Au commissariat, dès que j’avais l’impression qu’on m’acceptait un peu, Montagne revenait à la charge. Il passa à la vitesse supérieure, en fouillant dans mon passé et en commençant à me donner des surnoms pleins de sous-entendus : « Anna la gâchette » ou « la Tueuse », avant de dire à mes collègues : « Méfiez-vous, les gars : Anna a le coup de feu facile. » Il rigolait comme un imbécile puis ajouta : « Anna, est-ce que les gens savent pourquoi tu as quitté New York ? »

Un matin, j’avais trouvé, collée sur la porte de mon bureau, une ancienne coupure de presse titrant :

MANHATTAN : UN OTAGE TUÉ PAR LA POLICE DANS UNE BIJOUTERIE

J’avais débarqué dans le bureau de Gulliver en brandissant le morceau de journal :

— Vous lui avez dit, chef ? C’est vous qui avez raconté ça à Montagne ?

— Je n’y suis pour rien, Anna, assura-t-il.

— Alors, expliquez-moi comment il est au courant !

— C’est dans ton dossier.

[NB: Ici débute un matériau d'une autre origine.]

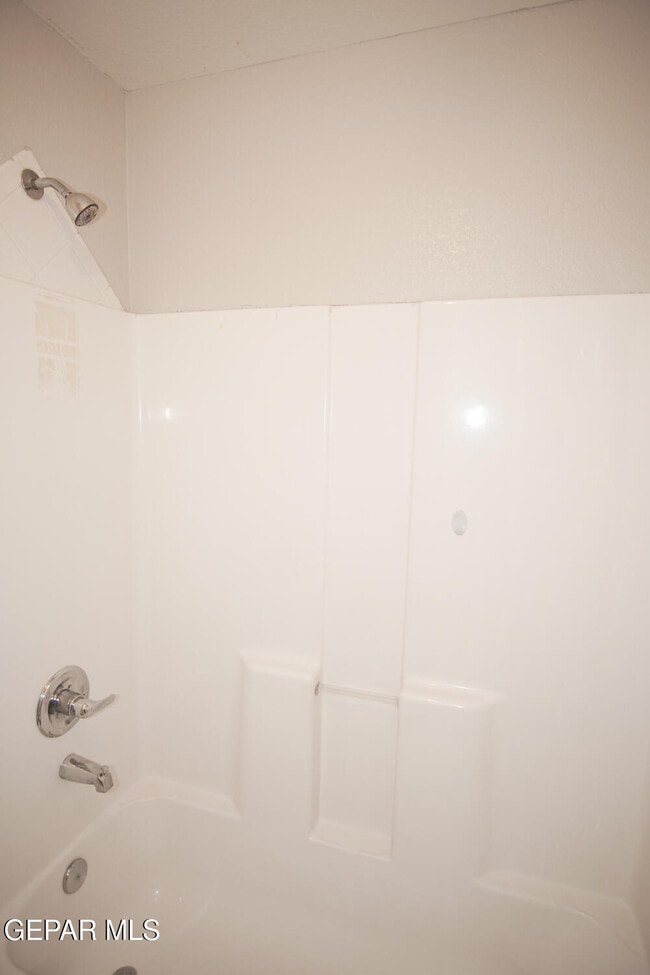 Building Photo - 3272 Garden Point Dr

Il y aura eu accès d’une façon ou d’une autre.

Montagne, décidé à se débarrasser de moi, s’arrangeait pour que je sois envoyée sur les missions les plus ennuyeuses et les plus ingrates. Alors que j’étais seule en patrouille dans la ville ou ses environs, il m’arrivait fréquemment de recevoir un appel radio du commissariat : « Kanner, ici la centrale. J’ai besoin que tu répondes à un appel d’urgence. » Je me rendais à l’adresse indiquée avec sirène et gyrophares, ne comprenant qu’en arrivant qu’il s’agissait d’un incident mineur.